Exercise requirements —
Exactly the lines from the start of the entries through the line with "Группа счастливых детей" are required in the output, with no pictures among them.

Supplied material —
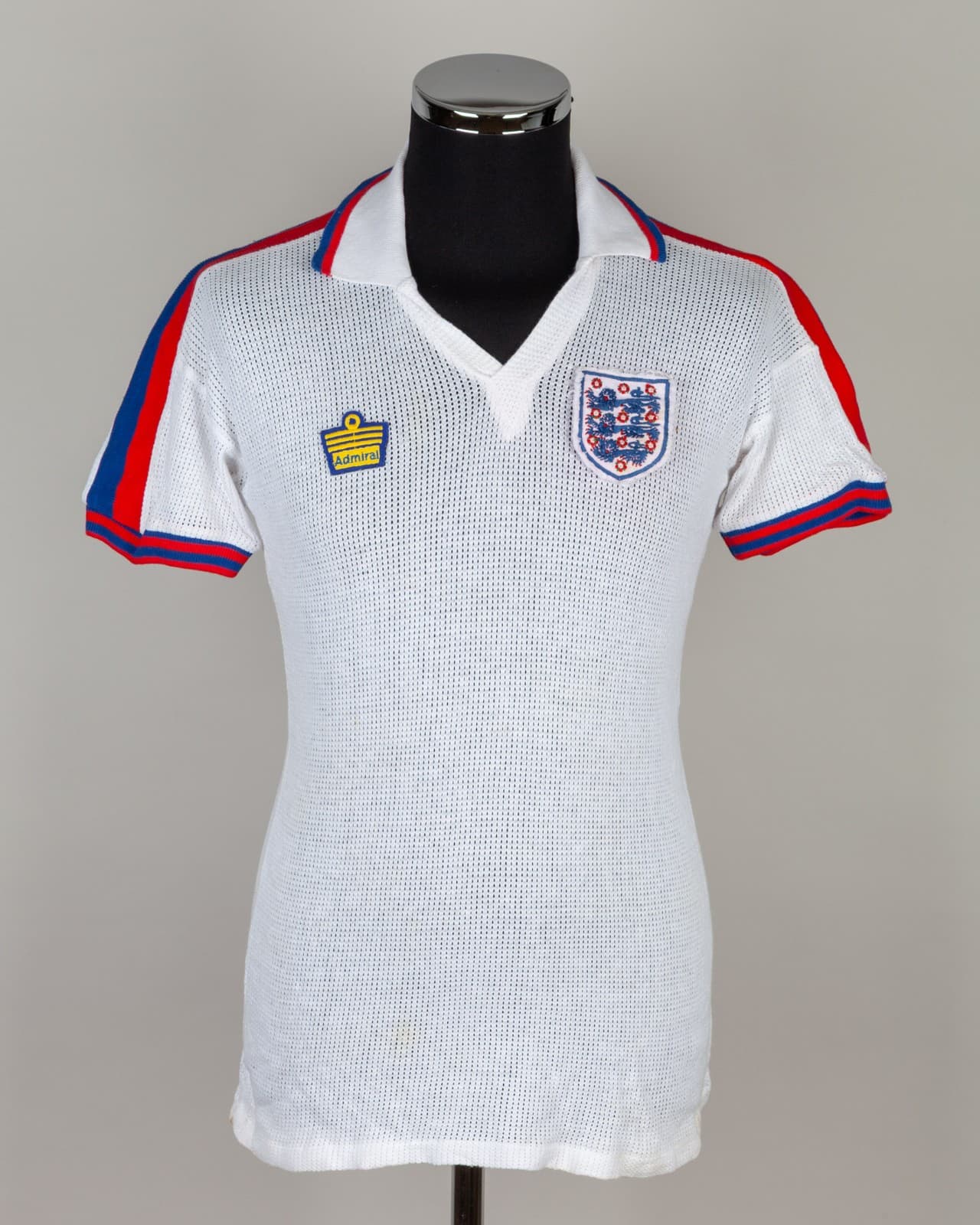 England 1975 home kit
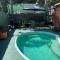 Country Roads Motor Inn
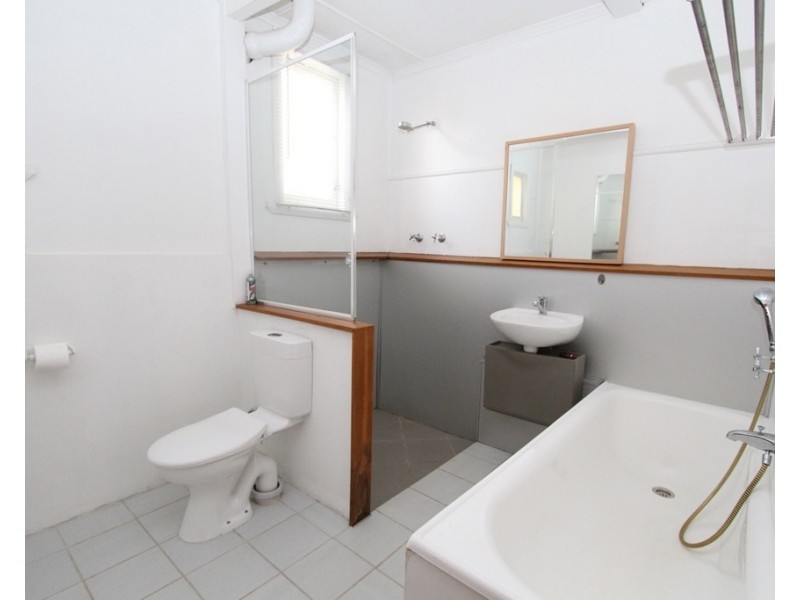 1/16 Mayfield Street, Nambour QLD 4560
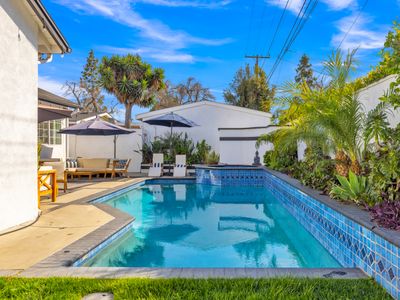 Stunning 3BR/2BA home. Private Pool & Jacuzzi!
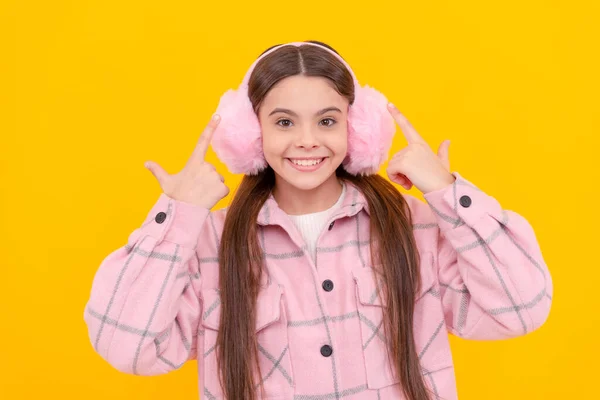 Αυτιά Μου Είναι Ζεστά Χαρούμενο Κορίτσι Δείχνει Αυτιά Της Γούνας — Φωτογραφία Αρχείου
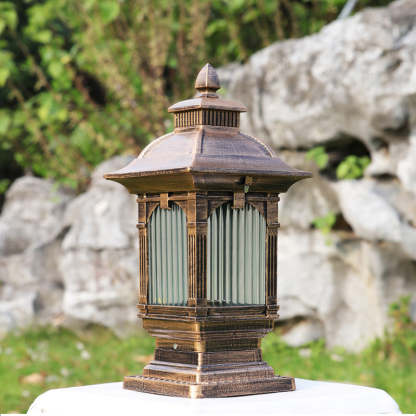 European Aluminum Post Outdoor Light — 220V-240V For UK/AU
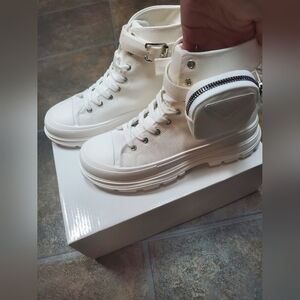 Olivia Miller Leilany Women's high-Top Sneakers | sz 8 | NIB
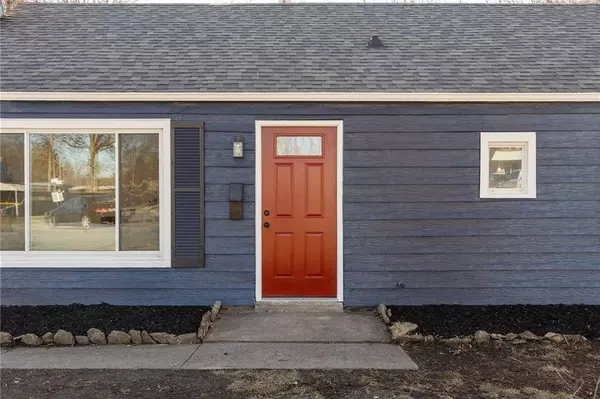 137 W 85th ST, Kansas City, MO 64114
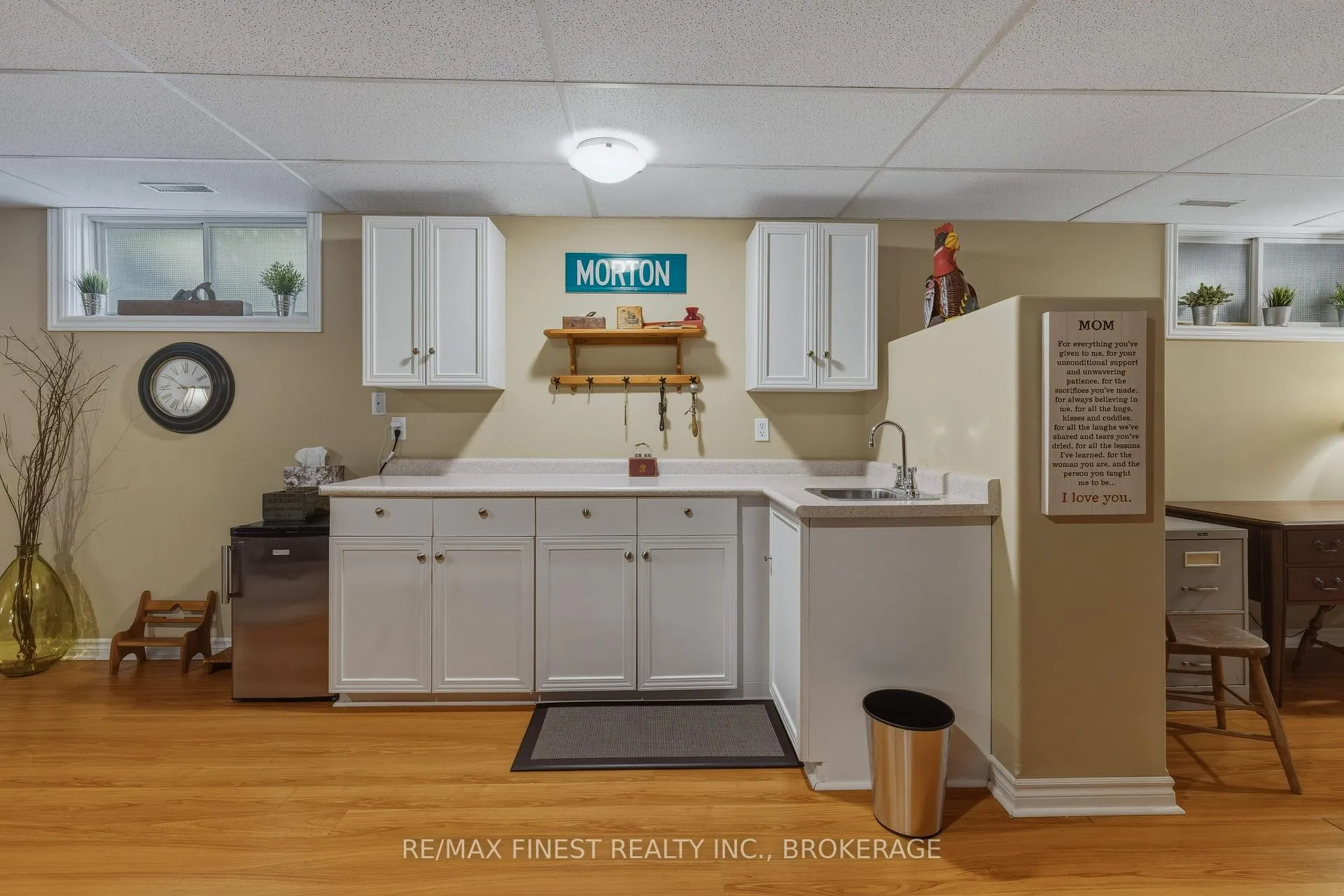 Photo 35 of 320 Friarhill Crescent, Kingston, East Gardiners Rd — HOMEH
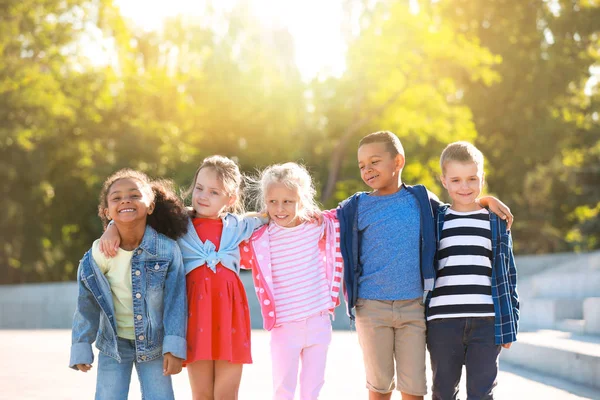 Группа счастливых детей на открытом воздухе — стоковое фото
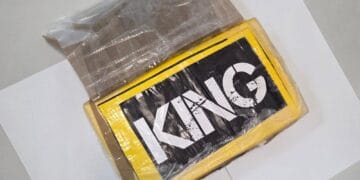 Prins cu un kilogram de cocaină ascuns într-un compartiment secret. Bărbat de 35 de ani, arestat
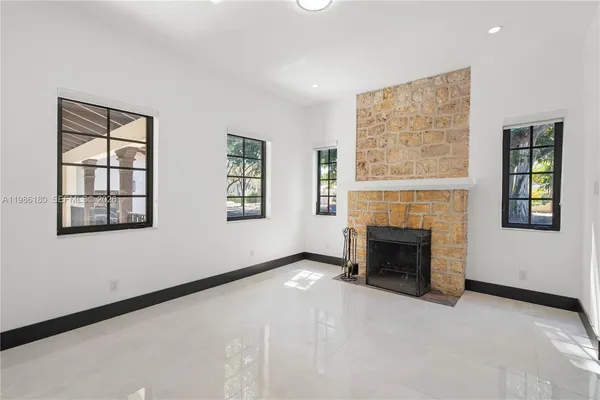 $16,000 | 519 Alhambra Circle, Coral Gables, FL 33134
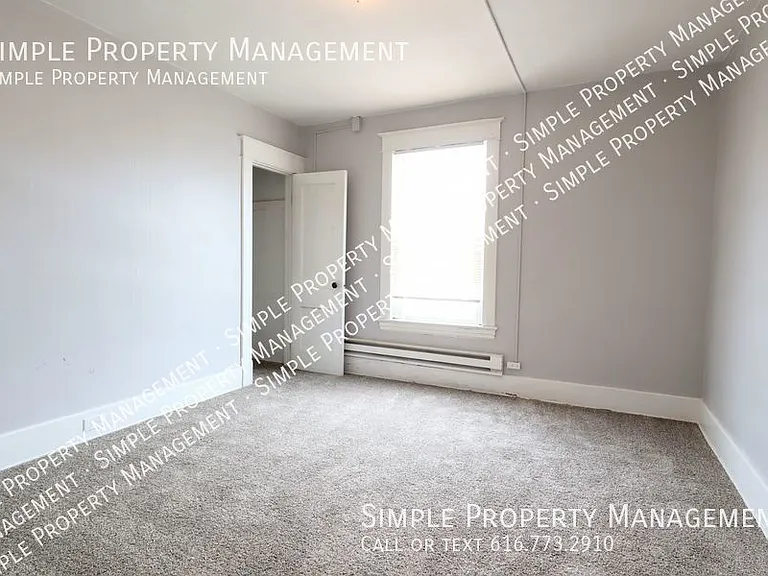 920 4th St NW #2 — Photo 5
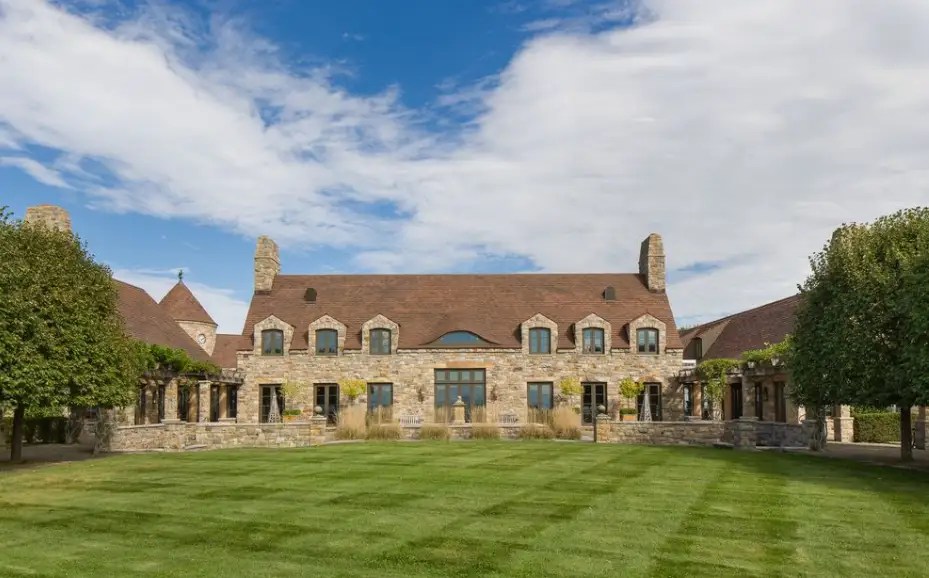 90 Acre Estate In Kinderhook, New York Homes of the Rich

Written solution —
 England 1975 home kit
 Country Roads Motor Inn
 1/16 Mayfield Street, Nambour QLD 4560
 Stunning 3BR/2BA home. Private Pool & Jacuzzi!
 Αυτιά Μου Είναι Ζεστά Χαρούμενο Κορίτσι Δείχνει Αυτιά Της Γούνας — Φωτογραφία Αρχείου
 European Aluminum Post Outdoor Light — 220V-240V For UK/AU
 Olivia Miller Leilany Women's high-Top Sneakers | sz 8 | NIB
 137 W 85th ST, Kansas City, MO 64114
 Photo 35 of 320 Friarhill Crescent, Kingston, East Gardiners Rd — HOMEH
 Группа счастливых детей на открытом воздухе — стоковое фото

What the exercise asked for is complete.